◆ **EXERCISE**
Give back the entries that follow exactly as written. Any picture gets left out.

◆ **DATA LISTING**
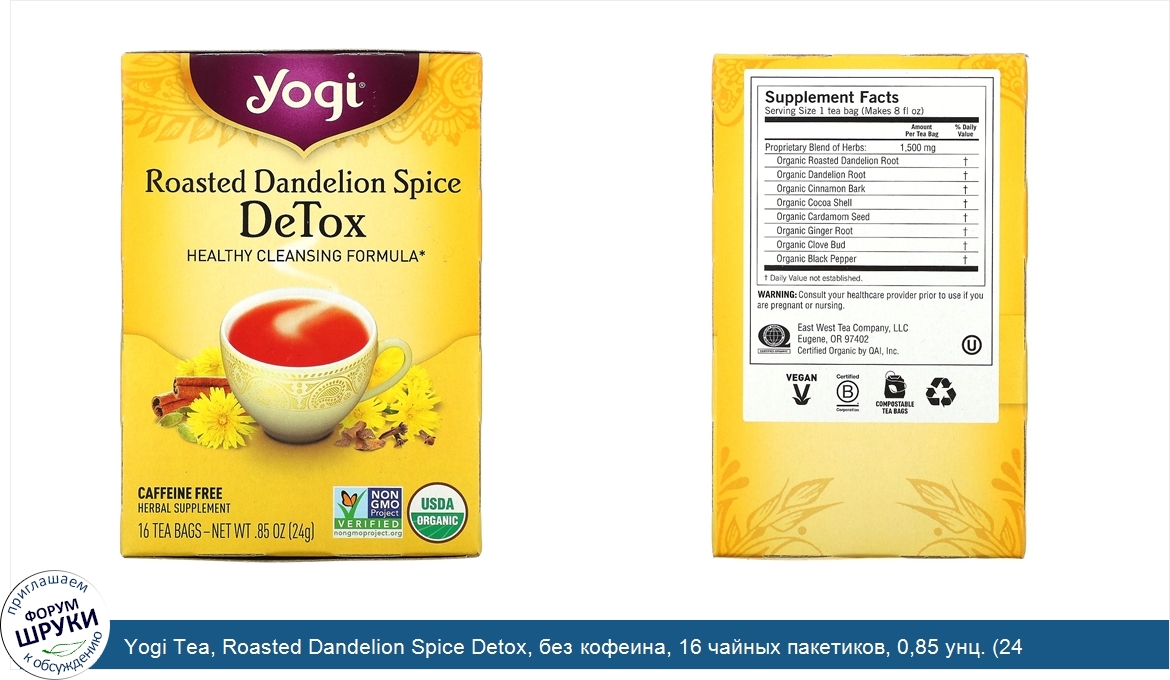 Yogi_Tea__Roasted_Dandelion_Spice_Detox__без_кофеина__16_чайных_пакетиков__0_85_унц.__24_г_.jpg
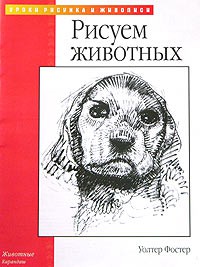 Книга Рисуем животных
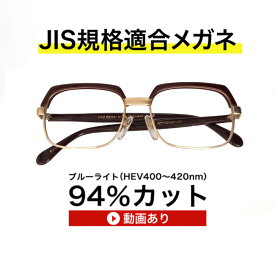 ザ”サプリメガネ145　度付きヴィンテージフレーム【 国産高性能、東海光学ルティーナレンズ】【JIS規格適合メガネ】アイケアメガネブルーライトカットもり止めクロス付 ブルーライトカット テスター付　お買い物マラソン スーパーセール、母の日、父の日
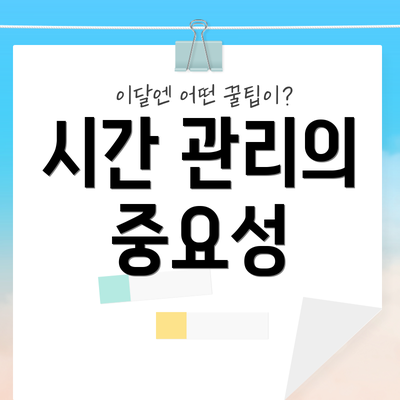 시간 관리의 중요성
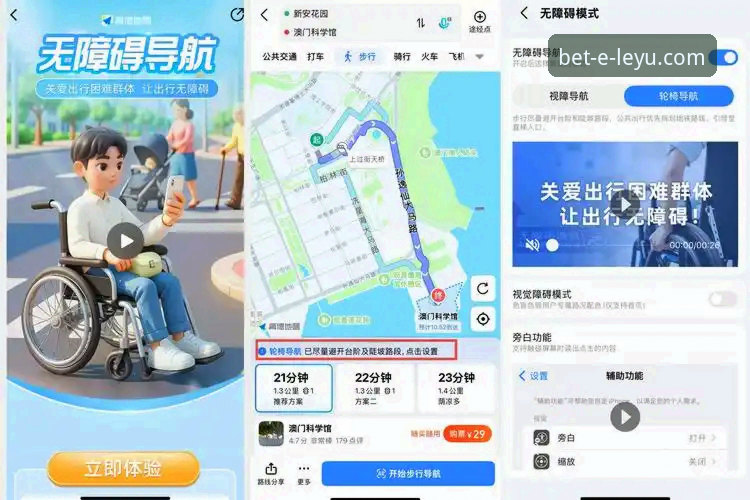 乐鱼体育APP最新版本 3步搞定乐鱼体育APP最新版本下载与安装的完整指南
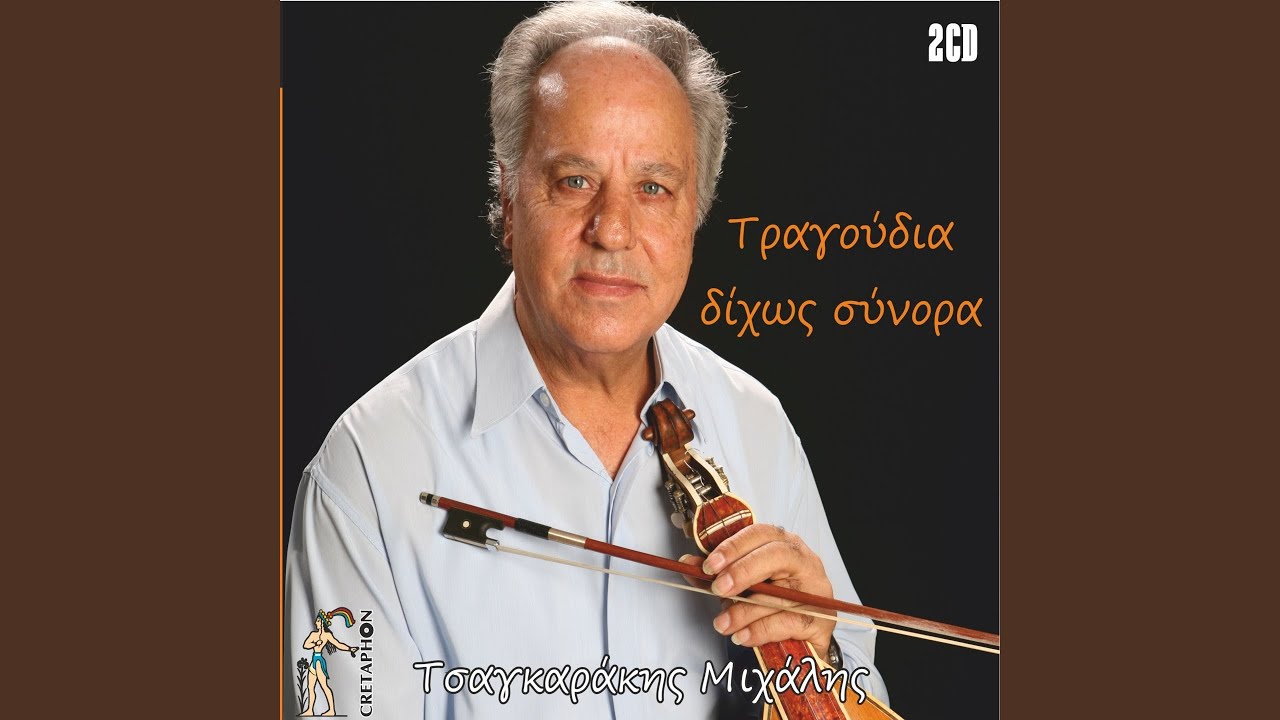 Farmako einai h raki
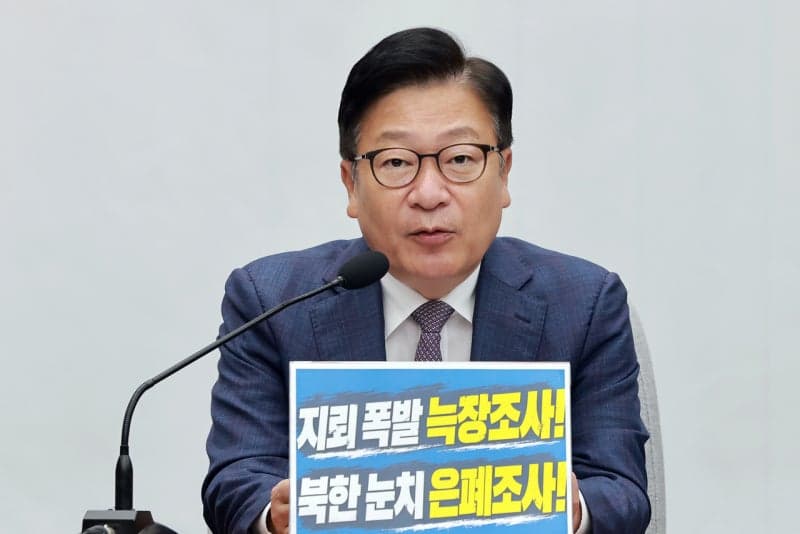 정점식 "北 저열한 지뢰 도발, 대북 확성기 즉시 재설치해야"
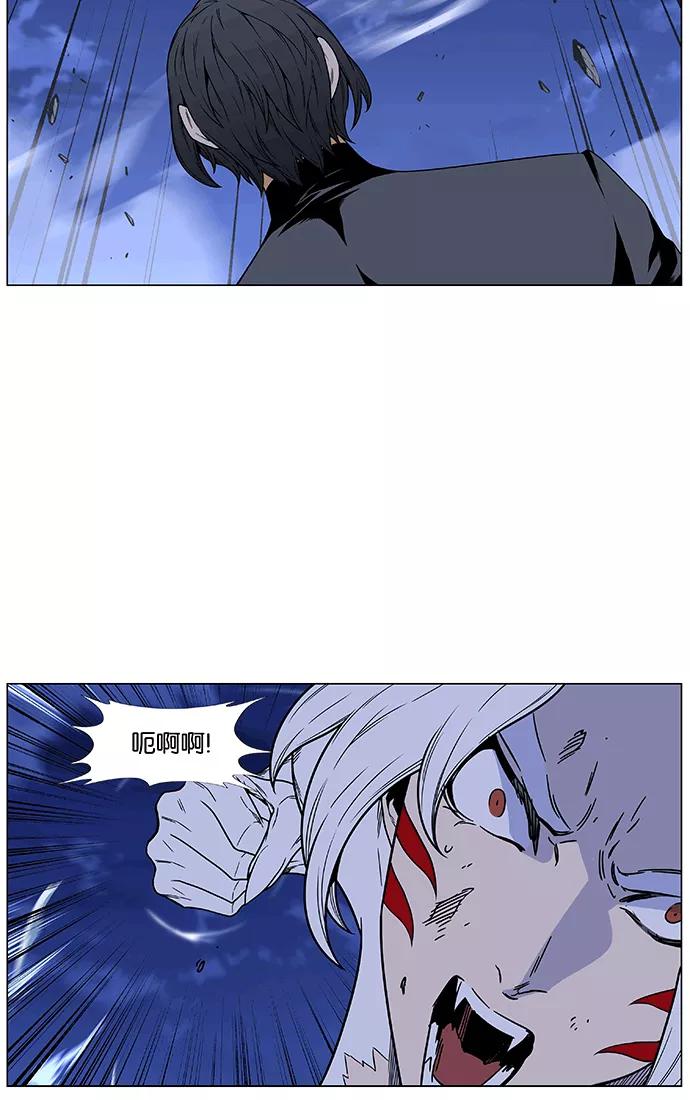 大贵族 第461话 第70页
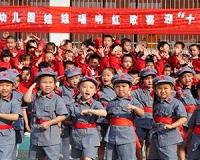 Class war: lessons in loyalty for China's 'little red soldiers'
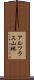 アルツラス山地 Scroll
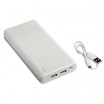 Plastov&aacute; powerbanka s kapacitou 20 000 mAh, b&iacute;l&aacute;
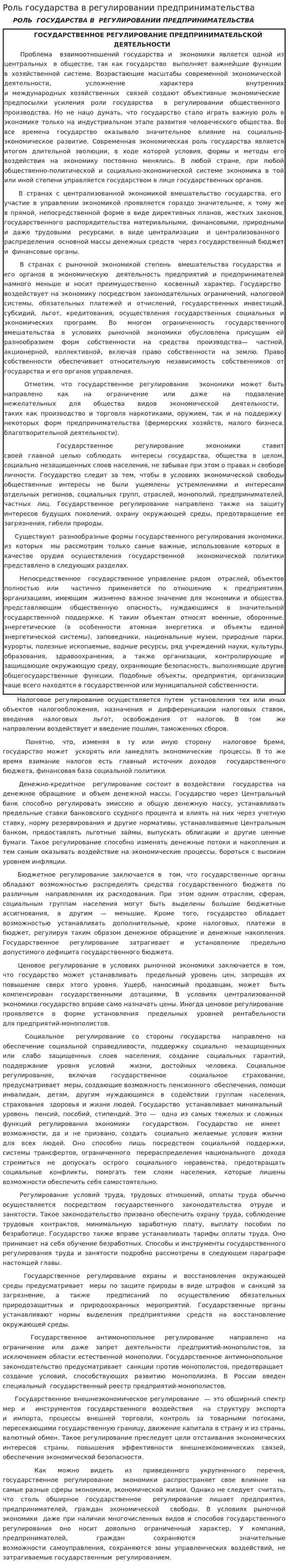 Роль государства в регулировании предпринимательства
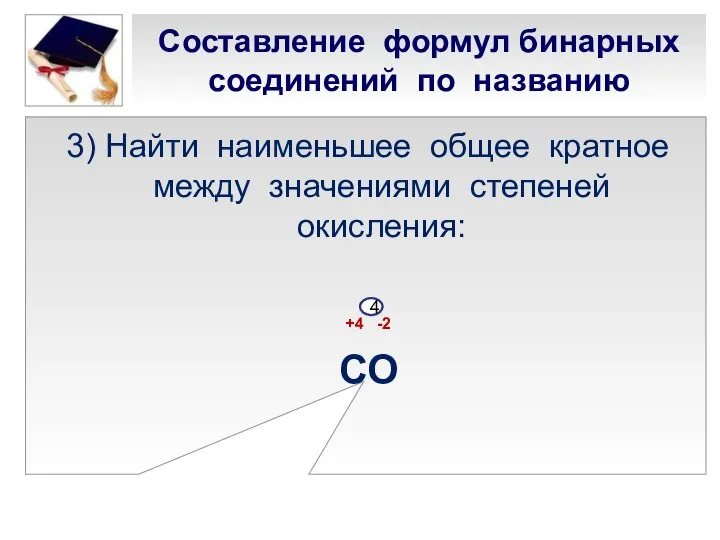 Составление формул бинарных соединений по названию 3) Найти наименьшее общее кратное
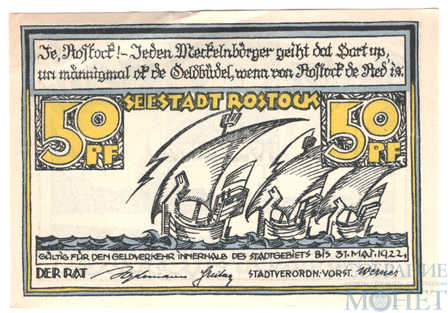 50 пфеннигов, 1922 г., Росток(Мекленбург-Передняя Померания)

◆ **ANSWER SPACE**
 Yogi_Tea__Roasted_Dandelion_Spice_Detox__без_кофеина__16_чайных_пакетиков__0_85_унц.__24_г_.jpg
 Книга Рисуем животных
 ザ”サプリメガネ145　度付きヴィンテージフレーム【 国産高性能、東海光学ルティーナレンズ】【JIS規格適合メガネ】アイケアメガネブルーライトカットもり止めクロス付 ブルーライトカット テスター付　お買い物マラソン スーパーセール、母の日、父の日
 시간 관리의 중요성
 乐鱼体育APP最新版本 3步搞定乐鱼体育APP最新版本下载与安装的完整指南
 Farmako einai h raki
 정점식 "北 저열한 지뢰 도발, 대북 확성기 즉시 재설치해야"
 大贵族 第461话 第70页
 Class war: lessons in loyalty for China's 'little red soldiers'
 アルツラス山地 Scroll
 Plastov&aacute; powerbanka s kapacitou 20 000 mAh, b&iacute;l&aacute;
 Роль государства в регулировании предпринимательства
 Составление формул бинарных соединений по названию 3) Найти наименьшее общее кратное
 50 пфеннигов, 1922 г., Росток(Мекленбург-Передняя Померания)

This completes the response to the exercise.